# Taking a Bath



## Noxiousted (Aug 4, 2018)

Today I was sitting at my desk like normal and I just got back with a glass cup with some ice and soda. I was drinking and Mercedes was sitting in front of me and he started having interest in it and I put the cup up to him and and he started acting like he was going to drink from it so I pulled it away and got up and got a glass cup with water. I put it in front of him and he started drinking and then hopped on the side and put his foot in and then almost fell in and flew away. After a few minutes I put him back on the cup and he started drinking again and then dunked his head in and came out with wet sneezes. He kept dunking his head for a while until he decided that he wanted to jump in and I caught him before he did because it was a full cup of water. I tried putting water in a red glass bowl but he was scared of it. Though most of the reason he dunked his head in the water is because he is head molting a lot. I'm just glad he tried to take a bath.

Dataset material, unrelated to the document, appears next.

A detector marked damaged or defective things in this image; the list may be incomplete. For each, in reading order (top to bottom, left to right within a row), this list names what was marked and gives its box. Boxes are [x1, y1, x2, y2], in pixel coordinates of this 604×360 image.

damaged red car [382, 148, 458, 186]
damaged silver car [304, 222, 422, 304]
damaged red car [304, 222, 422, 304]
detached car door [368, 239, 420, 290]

Update: got him to do it in the bowl Taking a bath - YouTube


----------



## RavensGryf (May 8, 2015)

That’s great that Mercedes is curious about taking a bath!  One suggestion though.. don’t make the water so deep. It’s safer if the water is only an inch or maybe a bit more, and besides it doesn’t need to be any deeper since they don’t immerse themselves. They’ll splash and fluff around in it, and the water will get on the feathers that way.


----------



## FaeryBee (May 9, 2011)

*Good job Mercedes.
Please use a very shallow dish when you allow Mercedes to bath.

The "Lix It" bath is a good choice:








*


----------



## PlumpyParakeet (Apr 22, 2018)

I have that bird bath and I use it as the water dish in hopes my budgies might use it as a bath. In the 18 months or so I have had it, it has been used 2 maybe 3 times as a bath. I was astounded each time! Once one budgie decides to have a bath, the other 2 become interested as well. It's so cute! 

It's not as convenient to change the water as the water dish that came with the cage but I think it's worth it for the occasional bath.

:budgie: :grey: :yellow face 2:


----------



## sweettreat (Jan 3, 2014)

The Lix It bath works for my birds. i just hold it inside their cage. They do make a mess, but it's fun to watch.


----------